Open Studio Gallery
Visiting Artists Exhibition: Kate McQuillen & Greg Staats
Each year Open Studio selects four professional artists with or without printmaking experience to create traditional and/or experimental works in the print medium of their choice, working collaboratively with a print media artist. These exhibitions by Chicago-based artist Kate McQuillen and Toronto-based artist Greg Staats are the result of this intensive work period, and the second of two 2010 Visiting Artists’ Exhibitions.

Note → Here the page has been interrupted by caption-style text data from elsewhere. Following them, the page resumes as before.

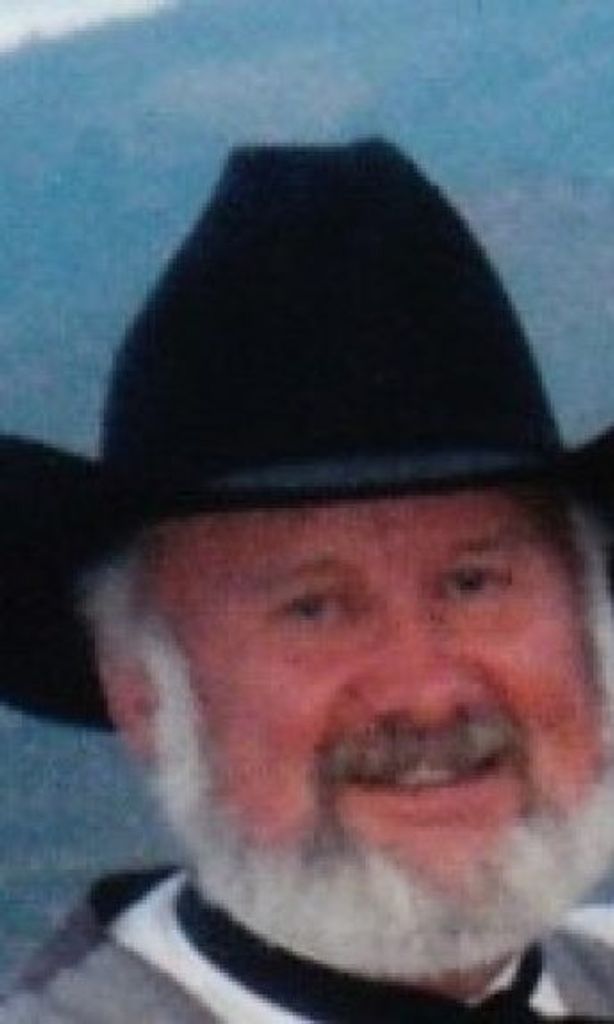 Richard (Dick) Louis Spirek, Jr.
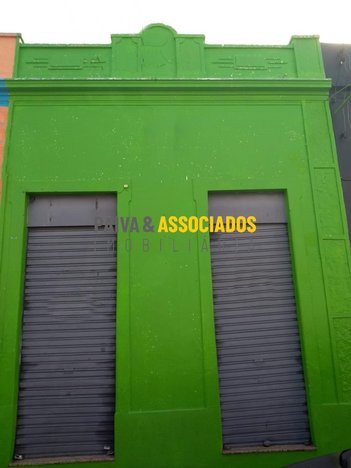 commercial_property em Padre Anchieta, Centro - Pelotas - RS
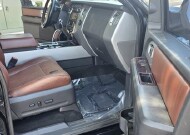 2012 Ford Expedition in Mesa, AZ 85212 - 18152356 15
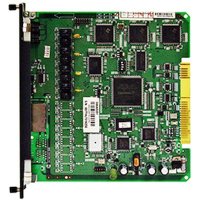 плата LG-Ericsson MG-WTIB4.STG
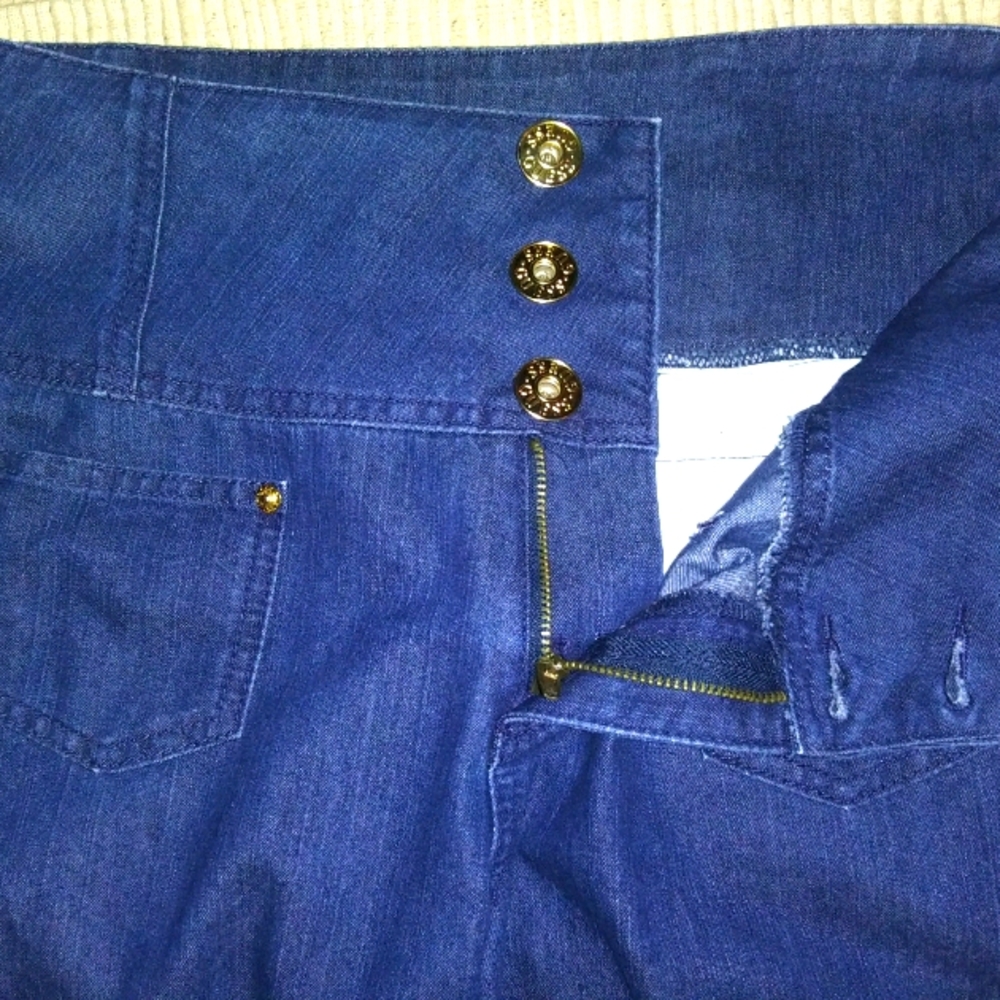 GUESS JEANS 👖Size 34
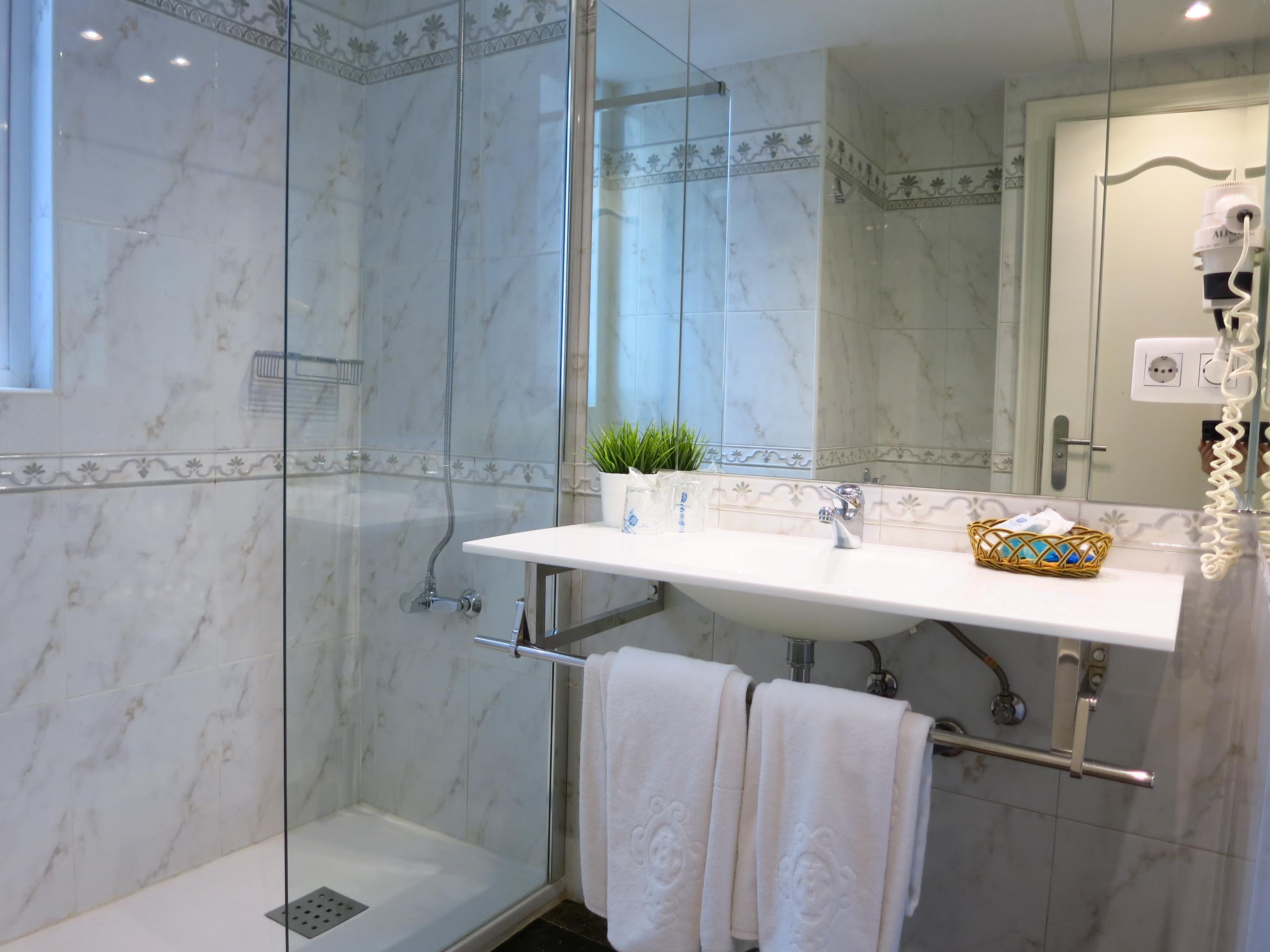 Hotel Boutique Catedral Valladolid Zewnętrze zdjęcie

Kate McQuillen’s work—mainly in print media and installation—deals with the idea of telecommunications as an invisible landscape in our midst that sometimes comes to life. She received her MFA from York University and has exhibited in Canada and the US. During her residency at Open Studio, Kate created a large-scale paper-based installation exploring ideas of human relationships to machinery, the power of telecommunications and the nonstop advancements of technology. Involving hand printed, anthropomorphized wires and telephone poles, the installation creates a sense of electrical activity, and is informed and inspired by John Updike’s poem, Telephone Poles. A text by Barbara Gilbert accompanies the exhibition.

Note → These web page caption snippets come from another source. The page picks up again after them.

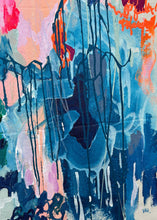 Load image into Gallery viewer, Conversations With Joy
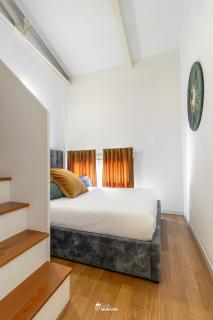 FILIGRANA House & Courtyard - by Sleep in MURANO - 4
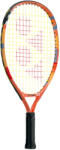 YONEX Rachetă de tenis pentru copii Junior 19 Coral Orange Racheta tenis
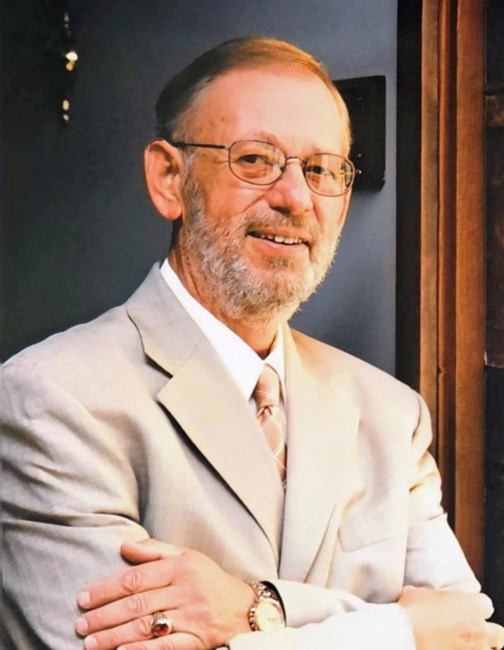 Obituary of Donnie Thomas Jones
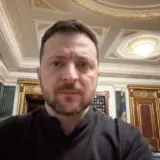 Війна в Україні – Україна погодилася на пропозицію США щодо 30-денного припинення вогню по всій території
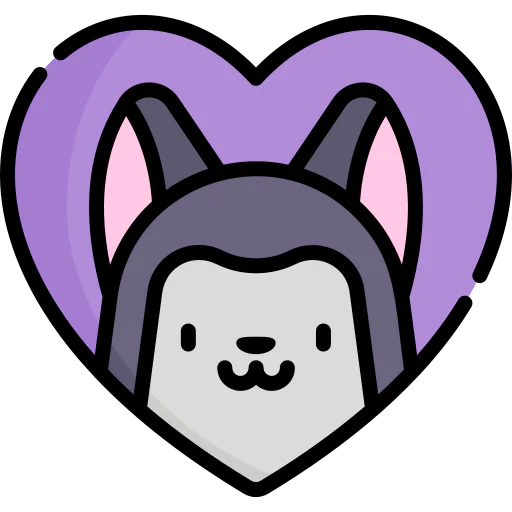 Pets icon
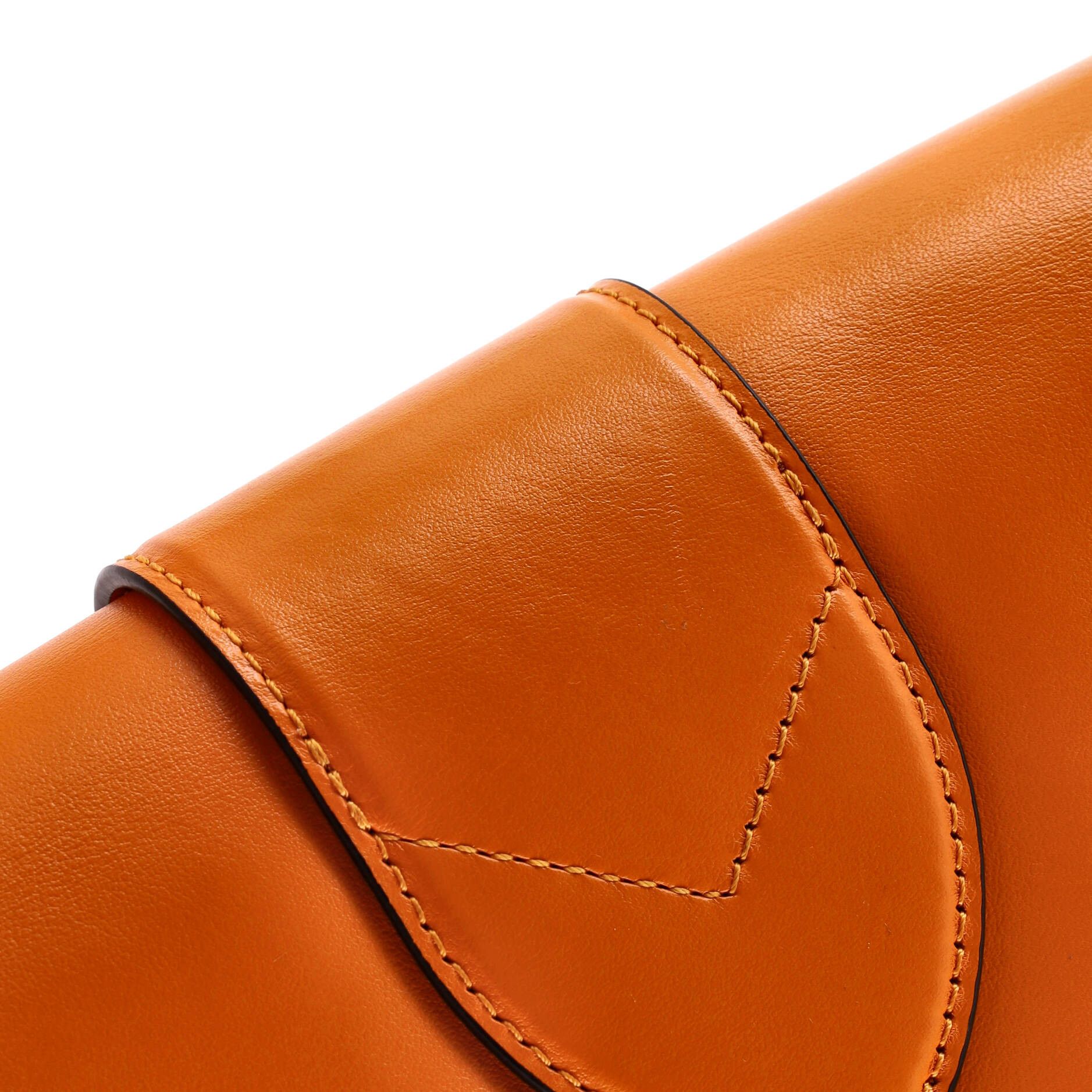 Louis Vuitton LV Pont 9 Bag Size ONE SIZE - 7 Thumbnail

Greg Staats is a photographer and video artist whose works reference language, mnemonics, and the natural world, and draw upon a traditional Mohawk restorative aesthetic. He has exhibited widely, and is a past recipient of the Duke and Duchess of York Prize in Photography. During his residency at Open Studio, Staats worked with the technical collaboration of artists Nadine Bariteau (screenprinting) and Emma Nishimura (intaglio) to create two series of prints. The first, new spaces, is an edition of screenprints depicting visual representations of the oral documents of the Haudenosaunee, and based on mnemonic symbols for Haudenosaunee titleholders that represent metaphysical relationships and alliances between two people and the land at the time of a specific encounter. The restorative aesthetic and new areas of mnemonic thought held within the depicted encounters provide a forward movement to Staats’ practice. The second project is an edition of photo-based etchings based on a source photograph taken in 1962 on Six Nations of the Grand River Territory of a group of titleholders and clan mothers en route to pay respects at the home of a recently deceased individual. The work elicits patterns of embrace, gait and condolence—a cognitive pattern of renewal located in the liminal space between the clear-minded and those consumed by sorrow. This work follows on from earlier works that Staats has been creating for the last five years under the title of condolence, which focused on this idea of liminality. A text by Ryan Rice accompanies the exhibition.